■ PROBLEM REQUIREMENTS ■
Set down the full listing exactly as given. Any pictures are to be left out.

■ DATA EXTRACT ■
========================================================================

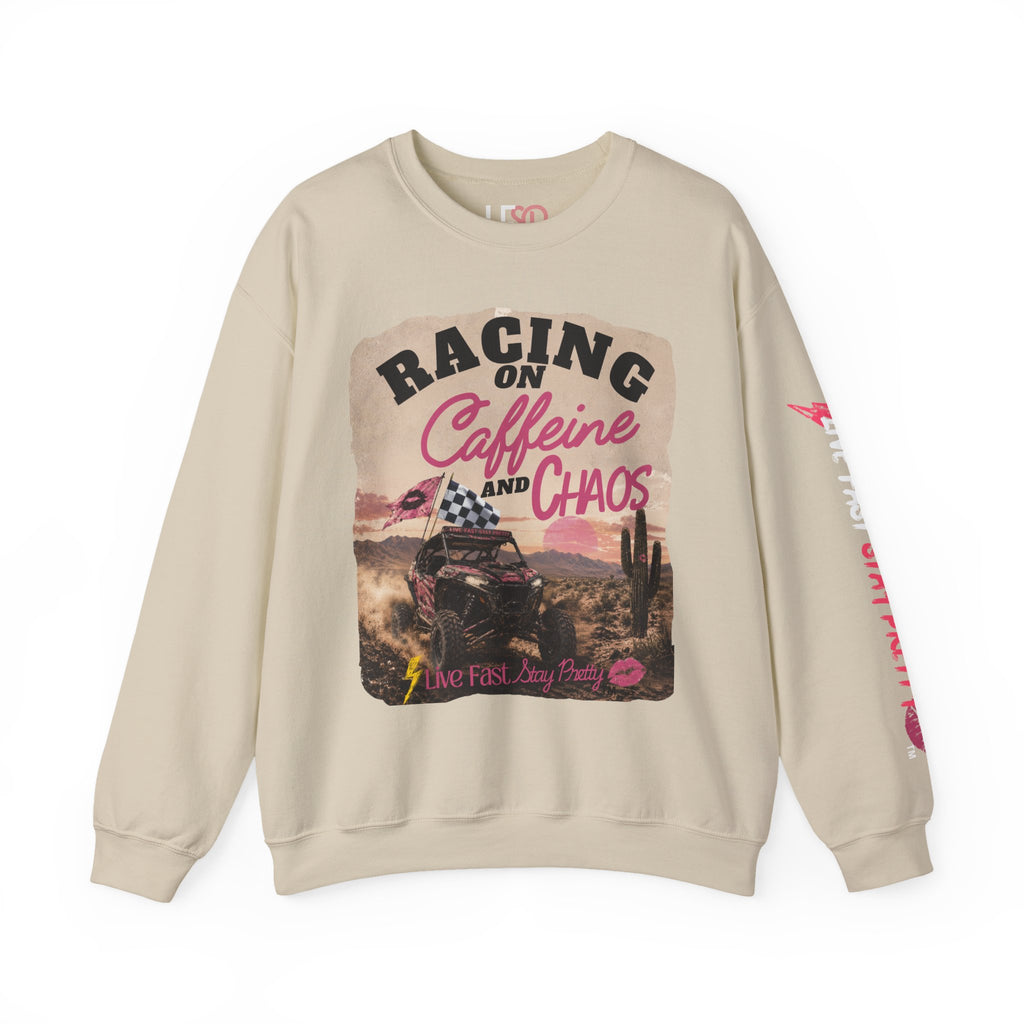 Crewneck Sweatshirt - "Racing on Caffeine and Chaos" Desert Off-Road Graphic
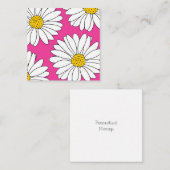 ピンクイエローとホワイトのデイジー ノートカード (正面/裏面)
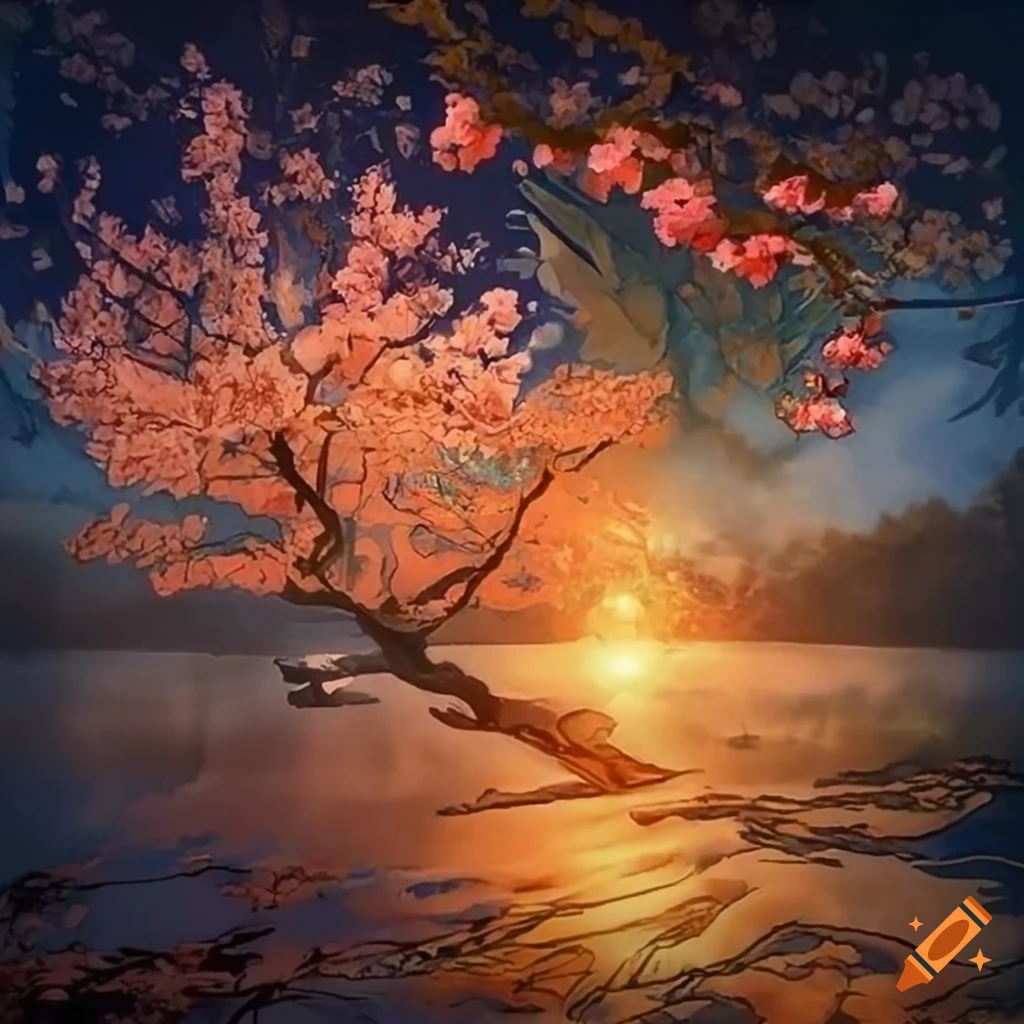 Detailed drawing of cherry blossom in golden hour lighting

========================================================================

■ TASK RESULT ■
 Crewneck Sweatshirt - "Racing on Caffeine and Chaos" Desert Off-Road Graphic
 ピンクイエローとホワイトのデイジー ノートカード (正面/裏面)
 Detailed drawing of cherry blossom in golden hour lighting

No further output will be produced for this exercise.